New Zealand may seek additional help to find more than 200 missing people in Christchurch following a 6.3-magnitude earthquake, as search-and-rescue efforts in the nation’s second-largest city enter a fifth day.
“We will be needing more help before this is over,” Foreign Minister Murray McCully told reporters yesterday. “No country can have on hand the sort of expert resources in the area of urban search and rescue which would enable it to cope with the scope of the quake we saw.”
About 500 search-and-rescue workers are operating in Christchurch, including teams from Australia, the U.S., Taiwan, Japan and Singapore. A team of 10 rescuers from China and the remainder of a 55-strong U.K. team joined the search yesterday, according to the Ministry of Foreign Affairs & Trade.
The death toll is at least 145 people and there are still at least 200 people missing, Police Superintendent Dave Cliff said today. Many foreigners were caught in the quake, including students at an English-language school, McCully said.
“You’ve now got what is looking like a very significant fatality toll,” Prime Minister John Key said in an interview with Television New Zealand yesterday. “That is really unnerving people and rightfully so.”
Rescue workers from Japan were helping in recovery efforts at the Canterbury Television building, where a number of Japanese students attended the King’s Education school.
“The team has worked really hard,” Hisashi Tokunaga, Japan’s parliamentary vice minister for foreign affairs, told Television New Zealand after arriving in Christchurch. “We still have some hope that we are going to have the Japanese people rescued.”

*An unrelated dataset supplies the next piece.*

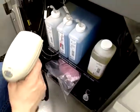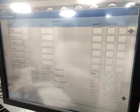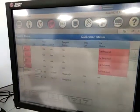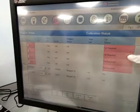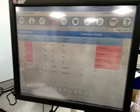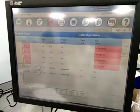Barcode? Yes. Okay. We will prime automatically. We will not do anything. No. Done. Okay. Reagent loading. Okay. Yeah. After this, calibration. Calibration. Okay.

Twenty-one Chinese students are missing, with eight of the unaccounted buried in the CTV building, China Central Television reported earlier this week, citing local police. Officials estimate that people from 20 countries are amongst the missing, Television New Zealand reported, without saying where it got the information.
“There are an awful lot of people around the world who are deeply concerned about loved ones,” Cliff told reporters yesterday. “Let them know where you are and that you’re safe.”
Christchurch has been shaken by dozens of aftershocks since the initial quake and may experience more temblors greater than magnitude 5 in coming days, according to the Civil Defense website. The tremors threaten to topple buildings already weakened, prompting estimates that many central business district structures need replacement.
“Its extensive, there’s no doubt about that,” Gerry Brownlee, Canterbury Earthquake Recovery Minister told Television New Zealand. “The expectation would be that for some months all of the services that operate in the CBD will need to relocate elsewhere.”
On the streets of Christchurch yesterday, piles of silt forced up by a process where soil loses its strength after violent shaking were stacked meters high awaiting collection.
“There may be four or five times as much silt on the streets of Christchurch today as there was in September”, Brendan Burns, a Labor Party parliamentarian who represents the Christchurch Central electorate, said in an interview yesterday.
The death toll from the quake is the worst since the Napier earthquake in 1931 that killed 256. This week’s quake came less than six months after a 7-magnitude temblor rocked Christchurch in the early morning of Sept. 4.
The earlier quake, in which no one was killed, caused widespread damage to the city. The destruction and mounting economic costs also follow the death of 29 miners after an explosion at a coal mine at Pike River on New Zealand’s South Island in November.